さて、祭りのはなしに戻りましょう。祭りは、すべての村に守護聖人が決まっていまして、その守護聖人の日がその村の祭りということのようです。皆さんご存じのように、ヨーロッパのどの国もキリスト教国はすべての地域単位に守護聖人の日を持っていて、その日が地域の祭りだと言っても良いでしょう。だから、スペインの場合、各地域に住む住民は、国の祭り、地方の祭り、市町村の祭り、と少なくも3回は祭りの公休日があります。今や全くの空き家となっている観のある多くの家も、しかし、この祭りの日だけは必ず1族揃って帰ってくるようです。この村のような、今は過疎となっている、もともと小さな村では、教会はあっても神父さんはいないので、祭りのミサには出張してきてもらうのですが、教会の廻りには何のためか知りませんが何かの木の枝が切ってあって廻りの壁に立てかけてあり、時間になると、教会の鐘がうち鳴らされ、一斉に村人達が教会に入りました。先ず簡単な開始の挨拶があって、教会にあるマリア様の像をこの村では女性達が担いで、 笛と太鼓を1人で奏でる1人の男を先頭に村を一周し、教会に帰ってきます。
(行列の風景)それからおきまりのミサを約1時間近く行いましたが、伝統的な村の民謡と踊りの伴奏を勤めるこの伝統的楽器で、1人の人が教会やマリヤ様の行列で吹いていたのは、何とアレルヤであったり、サンクトス、ベネディクトスなどのミサの賛美歌であったりして、大都市のカテドラルだったら、パイプオルガンや教会つき合唱団が歌う代わりを勤めているのだということが、聞いて行くうちに分かりました。(ミサ)神父さんもお説教を早めに切り上げて、再び笛と太鼓のこの人を先頭に、今度は賑やかな伝統的な地付きの民謡と踊りの曲を演奏しながら各家々を順に回っていきます。その家の人は、家の玄関前に皿に盛った料理を運び、葡萄酒、コーラ、ジュース、等を運んで振る舞います。元の住居に帰ってきて掃除し、料理をつくる家もあるようですし、村に未だ住んでいる親族と共同で作ったものを、分けてもらって同じ物を自分の家に回ってきた人々に振る舞う家もあるようでした。魚屋さんは商売柄、豪勢な魚料理をたくさん用意していて、親族の若い夫婦は自分の家の前でこの同じ魚料理、例えば、ガリシア風オリーブ油をタップリ使った蛸のジャガイモ料理などを分けてもらって振る舞ったりしていました。親族の子ども達はこの共通の親族のいずれの家でもお客さんのサービスのお手伝いしていましたので、どれが親族関係かは大体分かりました。

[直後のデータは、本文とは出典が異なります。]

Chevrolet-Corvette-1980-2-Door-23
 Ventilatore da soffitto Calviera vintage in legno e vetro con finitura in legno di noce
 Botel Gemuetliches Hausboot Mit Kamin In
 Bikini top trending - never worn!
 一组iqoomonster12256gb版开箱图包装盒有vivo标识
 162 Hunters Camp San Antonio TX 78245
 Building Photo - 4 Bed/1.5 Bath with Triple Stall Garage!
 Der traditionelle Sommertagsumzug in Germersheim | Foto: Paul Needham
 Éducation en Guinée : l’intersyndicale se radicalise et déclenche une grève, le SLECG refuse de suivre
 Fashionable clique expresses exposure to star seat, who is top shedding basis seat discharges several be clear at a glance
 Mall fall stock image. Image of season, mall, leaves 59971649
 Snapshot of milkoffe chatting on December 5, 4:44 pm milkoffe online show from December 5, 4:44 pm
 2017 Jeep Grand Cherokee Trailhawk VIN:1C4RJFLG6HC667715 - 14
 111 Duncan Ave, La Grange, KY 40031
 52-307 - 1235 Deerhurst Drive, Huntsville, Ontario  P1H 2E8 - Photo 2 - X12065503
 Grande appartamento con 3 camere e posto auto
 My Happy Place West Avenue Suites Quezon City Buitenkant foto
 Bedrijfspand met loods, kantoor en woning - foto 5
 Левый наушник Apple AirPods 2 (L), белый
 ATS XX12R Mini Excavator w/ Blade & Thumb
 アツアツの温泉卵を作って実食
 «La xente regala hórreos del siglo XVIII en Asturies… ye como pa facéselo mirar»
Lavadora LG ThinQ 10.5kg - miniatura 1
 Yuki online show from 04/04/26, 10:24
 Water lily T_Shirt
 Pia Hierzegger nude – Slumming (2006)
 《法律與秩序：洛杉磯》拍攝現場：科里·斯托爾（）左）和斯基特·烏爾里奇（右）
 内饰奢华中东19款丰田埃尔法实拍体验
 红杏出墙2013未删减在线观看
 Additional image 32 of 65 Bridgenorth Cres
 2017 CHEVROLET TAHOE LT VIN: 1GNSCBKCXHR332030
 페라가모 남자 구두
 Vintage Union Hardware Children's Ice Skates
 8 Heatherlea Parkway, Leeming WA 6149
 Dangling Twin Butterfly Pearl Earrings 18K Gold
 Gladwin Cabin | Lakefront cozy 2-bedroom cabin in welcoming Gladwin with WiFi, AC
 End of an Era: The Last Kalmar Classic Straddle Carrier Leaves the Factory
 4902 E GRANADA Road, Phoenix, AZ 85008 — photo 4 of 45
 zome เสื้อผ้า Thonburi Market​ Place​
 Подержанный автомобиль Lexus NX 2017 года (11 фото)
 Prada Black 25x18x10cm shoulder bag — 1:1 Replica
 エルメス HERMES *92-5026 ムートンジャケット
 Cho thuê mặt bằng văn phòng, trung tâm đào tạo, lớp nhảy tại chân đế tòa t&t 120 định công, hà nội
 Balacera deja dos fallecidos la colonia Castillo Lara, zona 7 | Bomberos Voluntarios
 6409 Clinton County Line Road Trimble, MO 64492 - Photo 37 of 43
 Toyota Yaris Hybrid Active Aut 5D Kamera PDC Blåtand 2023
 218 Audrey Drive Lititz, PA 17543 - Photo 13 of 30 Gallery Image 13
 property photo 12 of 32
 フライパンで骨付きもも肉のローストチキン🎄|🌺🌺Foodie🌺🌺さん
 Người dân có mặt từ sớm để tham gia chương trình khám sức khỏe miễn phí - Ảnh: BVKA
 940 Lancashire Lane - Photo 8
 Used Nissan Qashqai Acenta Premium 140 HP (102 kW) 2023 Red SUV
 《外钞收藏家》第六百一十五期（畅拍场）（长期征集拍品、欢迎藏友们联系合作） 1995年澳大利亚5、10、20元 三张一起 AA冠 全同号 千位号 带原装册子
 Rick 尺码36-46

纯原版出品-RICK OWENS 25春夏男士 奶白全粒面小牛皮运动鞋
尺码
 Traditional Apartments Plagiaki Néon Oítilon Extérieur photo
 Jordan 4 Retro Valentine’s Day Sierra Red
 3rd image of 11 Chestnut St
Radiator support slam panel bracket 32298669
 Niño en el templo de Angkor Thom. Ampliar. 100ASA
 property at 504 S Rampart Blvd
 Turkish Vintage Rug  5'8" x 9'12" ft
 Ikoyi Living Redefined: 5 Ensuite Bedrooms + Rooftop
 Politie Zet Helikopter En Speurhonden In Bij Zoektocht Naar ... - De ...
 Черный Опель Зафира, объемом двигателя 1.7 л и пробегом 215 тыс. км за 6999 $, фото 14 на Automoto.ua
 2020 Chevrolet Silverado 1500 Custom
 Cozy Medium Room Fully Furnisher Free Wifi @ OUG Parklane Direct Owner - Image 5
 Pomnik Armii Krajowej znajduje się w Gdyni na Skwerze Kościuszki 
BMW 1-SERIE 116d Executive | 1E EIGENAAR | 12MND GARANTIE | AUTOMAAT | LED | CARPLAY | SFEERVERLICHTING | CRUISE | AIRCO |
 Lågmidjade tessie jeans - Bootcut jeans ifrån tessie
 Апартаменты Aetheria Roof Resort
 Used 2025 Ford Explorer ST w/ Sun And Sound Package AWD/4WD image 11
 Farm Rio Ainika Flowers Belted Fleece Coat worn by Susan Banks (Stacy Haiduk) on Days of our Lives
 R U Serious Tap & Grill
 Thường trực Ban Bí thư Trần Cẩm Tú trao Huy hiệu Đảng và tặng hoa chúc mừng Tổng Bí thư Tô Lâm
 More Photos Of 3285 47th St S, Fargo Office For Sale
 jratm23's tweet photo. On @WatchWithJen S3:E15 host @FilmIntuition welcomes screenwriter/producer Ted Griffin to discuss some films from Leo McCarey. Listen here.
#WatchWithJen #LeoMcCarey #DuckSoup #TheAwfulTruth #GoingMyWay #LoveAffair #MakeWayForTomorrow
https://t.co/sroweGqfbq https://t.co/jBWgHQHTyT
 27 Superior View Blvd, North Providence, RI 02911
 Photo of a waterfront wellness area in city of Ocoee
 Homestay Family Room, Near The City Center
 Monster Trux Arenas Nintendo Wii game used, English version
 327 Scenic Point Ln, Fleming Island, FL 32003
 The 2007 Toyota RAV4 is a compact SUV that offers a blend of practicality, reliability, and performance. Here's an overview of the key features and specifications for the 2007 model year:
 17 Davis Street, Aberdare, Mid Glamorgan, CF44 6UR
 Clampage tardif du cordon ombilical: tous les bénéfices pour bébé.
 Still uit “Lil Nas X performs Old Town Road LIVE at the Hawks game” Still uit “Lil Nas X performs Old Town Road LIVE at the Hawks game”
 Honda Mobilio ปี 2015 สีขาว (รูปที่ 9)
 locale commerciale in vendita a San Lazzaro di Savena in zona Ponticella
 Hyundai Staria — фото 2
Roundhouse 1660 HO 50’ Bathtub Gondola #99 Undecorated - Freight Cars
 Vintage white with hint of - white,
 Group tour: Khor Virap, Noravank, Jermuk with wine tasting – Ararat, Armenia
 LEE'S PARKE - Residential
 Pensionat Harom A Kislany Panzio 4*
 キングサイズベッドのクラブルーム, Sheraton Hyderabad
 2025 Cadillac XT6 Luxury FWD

どの家の人も、縁もゆかりもない私たちに対して全く既知の地域の人間であるかのように挨拶してくれ、振る舞ってくれました。ややあって踊りが始まり、2/3曲がすむと、それが合図であるかのように次の家に回ります。こうして18軒回るのですから、振る舞いは3時間近く続き、酔う人も出てきますし、みんなご機嫌になって、最後の家のケーキとコーヒーの振る舞いが終わると、今は閉鎖になった村の小学校にパブの用意がしてあって、そこで解散、好きなだけ歓談しなさいとなりました。遠くから来た勤め人はここでみんなとお別れの挨拶をしあい、帰っていきました。教会のない村はないと同時にパブのない村はない、といってもよいのですが、生憎と過疎でパブの店はありません。週末になると、廃校になった小学校を再利用して、臨時にこのパブが開かれ、残った村人が自前でこのパブを運営して集まるのだそうです。因みに、この祭りを組織する人は、各家持ち回りなのかと聞いてみましたら、そんなことはない、ボランティアでやるのだと言うことでした。ここでも日本の村との違いを感じます。ボランティアと事実上有力者が重なっていることを感じますが、合唱団などのアソシエーションなども完全ボランティア主義というか、毎週出ていかなければならないいろいろな教会で依頼されるミサの合唱など、そのための練習と拘束時間など大変ですが、合唱団員であることと、こうした義務は何の関係もないし、何の見返りもないということは驚くことの一つです。同時にこうした市民活動が行われるための必要不可欠な経費が、地元貯蓄銀行や市役所によって支えられていることも、日本の我々が発想できる範囲を超えていることでした。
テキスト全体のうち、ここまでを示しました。